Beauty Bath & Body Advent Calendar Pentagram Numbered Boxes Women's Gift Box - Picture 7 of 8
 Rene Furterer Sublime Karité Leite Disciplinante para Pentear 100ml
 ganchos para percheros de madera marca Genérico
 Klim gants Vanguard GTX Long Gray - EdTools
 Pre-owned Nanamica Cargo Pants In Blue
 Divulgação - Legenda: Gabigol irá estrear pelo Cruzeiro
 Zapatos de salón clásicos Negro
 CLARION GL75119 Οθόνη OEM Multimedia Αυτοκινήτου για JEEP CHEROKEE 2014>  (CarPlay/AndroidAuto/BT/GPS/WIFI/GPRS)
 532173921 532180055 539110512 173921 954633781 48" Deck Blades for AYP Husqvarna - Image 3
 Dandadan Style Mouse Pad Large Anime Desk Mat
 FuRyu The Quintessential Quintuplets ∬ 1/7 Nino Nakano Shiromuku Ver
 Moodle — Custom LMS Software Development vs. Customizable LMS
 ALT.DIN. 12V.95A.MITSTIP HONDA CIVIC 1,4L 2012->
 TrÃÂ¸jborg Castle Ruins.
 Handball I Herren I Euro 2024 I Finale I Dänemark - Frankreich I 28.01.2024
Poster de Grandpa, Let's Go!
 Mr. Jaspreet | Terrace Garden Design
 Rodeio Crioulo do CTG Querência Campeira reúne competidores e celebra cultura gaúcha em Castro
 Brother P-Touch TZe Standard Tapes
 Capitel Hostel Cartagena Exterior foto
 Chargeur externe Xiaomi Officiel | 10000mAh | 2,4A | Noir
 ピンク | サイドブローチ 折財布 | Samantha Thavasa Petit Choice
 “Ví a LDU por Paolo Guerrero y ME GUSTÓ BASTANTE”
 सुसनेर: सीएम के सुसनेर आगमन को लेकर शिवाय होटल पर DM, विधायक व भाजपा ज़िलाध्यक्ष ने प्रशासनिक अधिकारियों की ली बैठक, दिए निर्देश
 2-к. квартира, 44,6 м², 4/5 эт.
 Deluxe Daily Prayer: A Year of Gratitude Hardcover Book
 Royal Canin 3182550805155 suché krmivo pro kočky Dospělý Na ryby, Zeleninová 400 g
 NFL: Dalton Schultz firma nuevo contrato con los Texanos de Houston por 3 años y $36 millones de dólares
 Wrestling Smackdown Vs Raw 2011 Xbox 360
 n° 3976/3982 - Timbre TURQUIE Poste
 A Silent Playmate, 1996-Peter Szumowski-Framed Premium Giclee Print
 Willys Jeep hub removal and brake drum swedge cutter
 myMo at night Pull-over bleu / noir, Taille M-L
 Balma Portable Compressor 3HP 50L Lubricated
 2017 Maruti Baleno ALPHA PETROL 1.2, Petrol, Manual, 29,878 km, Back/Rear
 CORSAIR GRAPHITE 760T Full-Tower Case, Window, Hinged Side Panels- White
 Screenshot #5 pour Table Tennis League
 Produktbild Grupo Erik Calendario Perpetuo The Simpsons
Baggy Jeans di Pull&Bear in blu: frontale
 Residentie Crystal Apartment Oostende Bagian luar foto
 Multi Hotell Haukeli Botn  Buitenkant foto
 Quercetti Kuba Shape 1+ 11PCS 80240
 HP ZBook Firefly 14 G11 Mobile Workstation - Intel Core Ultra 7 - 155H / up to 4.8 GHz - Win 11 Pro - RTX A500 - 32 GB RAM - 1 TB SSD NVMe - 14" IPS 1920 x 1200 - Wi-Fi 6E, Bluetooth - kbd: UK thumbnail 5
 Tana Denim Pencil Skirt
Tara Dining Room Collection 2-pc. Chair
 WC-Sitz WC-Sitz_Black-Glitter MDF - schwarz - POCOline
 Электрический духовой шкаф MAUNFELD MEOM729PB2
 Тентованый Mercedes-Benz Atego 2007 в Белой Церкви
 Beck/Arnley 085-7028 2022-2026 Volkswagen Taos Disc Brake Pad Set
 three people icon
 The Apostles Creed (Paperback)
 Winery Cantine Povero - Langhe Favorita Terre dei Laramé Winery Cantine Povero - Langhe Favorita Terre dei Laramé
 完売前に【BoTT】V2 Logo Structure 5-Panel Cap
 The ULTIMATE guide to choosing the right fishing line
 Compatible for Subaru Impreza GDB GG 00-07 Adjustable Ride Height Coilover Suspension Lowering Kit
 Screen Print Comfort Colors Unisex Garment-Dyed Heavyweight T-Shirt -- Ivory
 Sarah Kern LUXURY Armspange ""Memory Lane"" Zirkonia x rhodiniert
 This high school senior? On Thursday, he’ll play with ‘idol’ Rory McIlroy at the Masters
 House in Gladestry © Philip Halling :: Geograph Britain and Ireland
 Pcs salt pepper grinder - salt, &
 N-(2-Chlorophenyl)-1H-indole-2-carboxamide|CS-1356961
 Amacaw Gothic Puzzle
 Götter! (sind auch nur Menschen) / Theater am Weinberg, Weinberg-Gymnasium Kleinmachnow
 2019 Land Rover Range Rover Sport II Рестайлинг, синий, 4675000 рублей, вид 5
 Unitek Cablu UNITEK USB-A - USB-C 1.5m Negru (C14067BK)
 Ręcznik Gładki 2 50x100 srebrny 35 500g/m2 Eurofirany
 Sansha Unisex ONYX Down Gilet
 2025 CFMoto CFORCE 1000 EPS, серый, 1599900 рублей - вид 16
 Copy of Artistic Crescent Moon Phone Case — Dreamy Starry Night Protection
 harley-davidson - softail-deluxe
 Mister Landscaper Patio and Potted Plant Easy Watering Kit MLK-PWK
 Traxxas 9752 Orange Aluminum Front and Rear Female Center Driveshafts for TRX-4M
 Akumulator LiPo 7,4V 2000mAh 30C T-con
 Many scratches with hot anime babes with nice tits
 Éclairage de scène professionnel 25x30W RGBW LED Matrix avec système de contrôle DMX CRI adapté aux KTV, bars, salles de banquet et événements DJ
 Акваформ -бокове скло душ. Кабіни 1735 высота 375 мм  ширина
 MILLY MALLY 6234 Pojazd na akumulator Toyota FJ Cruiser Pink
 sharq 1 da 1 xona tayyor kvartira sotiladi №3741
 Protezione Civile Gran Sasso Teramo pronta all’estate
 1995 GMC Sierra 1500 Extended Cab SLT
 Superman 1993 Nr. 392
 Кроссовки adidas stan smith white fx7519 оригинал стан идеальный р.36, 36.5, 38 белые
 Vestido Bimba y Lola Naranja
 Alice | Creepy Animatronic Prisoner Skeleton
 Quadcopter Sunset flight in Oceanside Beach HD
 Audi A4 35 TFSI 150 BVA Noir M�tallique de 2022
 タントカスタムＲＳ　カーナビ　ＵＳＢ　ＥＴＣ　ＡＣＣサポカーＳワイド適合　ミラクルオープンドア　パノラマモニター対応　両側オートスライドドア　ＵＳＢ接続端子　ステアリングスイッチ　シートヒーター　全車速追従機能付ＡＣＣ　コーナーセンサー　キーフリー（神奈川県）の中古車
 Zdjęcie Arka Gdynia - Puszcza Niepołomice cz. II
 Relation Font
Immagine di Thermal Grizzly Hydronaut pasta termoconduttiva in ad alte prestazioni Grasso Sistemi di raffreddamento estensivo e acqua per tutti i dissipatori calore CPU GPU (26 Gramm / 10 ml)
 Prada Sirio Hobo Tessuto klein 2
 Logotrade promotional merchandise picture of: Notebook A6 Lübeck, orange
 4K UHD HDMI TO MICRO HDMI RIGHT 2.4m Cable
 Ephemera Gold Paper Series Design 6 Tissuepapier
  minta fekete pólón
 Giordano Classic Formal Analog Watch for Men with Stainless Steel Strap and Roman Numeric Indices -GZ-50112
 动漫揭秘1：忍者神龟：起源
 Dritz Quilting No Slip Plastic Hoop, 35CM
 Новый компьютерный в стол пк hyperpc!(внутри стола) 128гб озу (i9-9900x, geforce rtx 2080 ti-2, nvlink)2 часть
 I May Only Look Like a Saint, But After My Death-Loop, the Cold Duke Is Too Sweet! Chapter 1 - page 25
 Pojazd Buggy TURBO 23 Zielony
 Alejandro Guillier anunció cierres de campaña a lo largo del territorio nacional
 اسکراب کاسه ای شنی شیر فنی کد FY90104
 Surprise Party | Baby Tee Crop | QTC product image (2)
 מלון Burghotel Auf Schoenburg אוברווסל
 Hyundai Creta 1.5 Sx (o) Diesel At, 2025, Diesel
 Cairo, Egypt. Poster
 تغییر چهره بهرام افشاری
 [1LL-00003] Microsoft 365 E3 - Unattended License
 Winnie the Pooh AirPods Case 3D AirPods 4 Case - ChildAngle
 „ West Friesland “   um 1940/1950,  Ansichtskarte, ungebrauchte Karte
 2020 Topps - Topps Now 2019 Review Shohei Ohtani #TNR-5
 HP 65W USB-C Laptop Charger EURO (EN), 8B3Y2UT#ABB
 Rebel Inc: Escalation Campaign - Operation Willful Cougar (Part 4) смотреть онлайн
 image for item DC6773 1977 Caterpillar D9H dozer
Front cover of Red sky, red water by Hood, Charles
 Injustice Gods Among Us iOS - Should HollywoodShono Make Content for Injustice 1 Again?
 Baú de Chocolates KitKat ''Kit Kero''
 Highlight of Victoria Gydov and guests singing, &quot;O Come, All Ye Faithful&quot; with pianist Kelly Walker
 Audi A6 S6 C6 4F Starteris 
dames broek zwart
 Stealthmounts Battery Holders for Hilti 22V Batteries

▶ [Task objective]:
In the listing above, please print only the lines from the first one to the line where "532173921 532180055 539110512" appears, exactly as written, both of those lines included.

▶ [Output of the exercise]:
Beauty Bath & Body Advent Calendar Pentagram Numbered Boxes Women's Gift Box - Picture 7 of 8
 Rene Furterer Sublime Karité Leite Disciplinante para Pentear 100ml
 ganchos para percheros de madera marca Genérico
 Klim gants Vanguard GTX Long Gray - EdTools
 Pre-owned Nanamica Cargo Pants In Blue
 Divulgação - Legenda: Gabigol irá estrear pelo Cruzeiro
 Zapatos de salón clásicos Negro
 CLARION GL75119 Οθόνη OEM Multimedia Αυτοκινήτου για JEEP CHEROKEE 2014>  (CarPlay/AndroidAuto/BT/GPS/WIFI/GPRS)
 532173921 532180055 539110512 173921 954633781 48" Deck Blades for AYP Husqvarna - Image 3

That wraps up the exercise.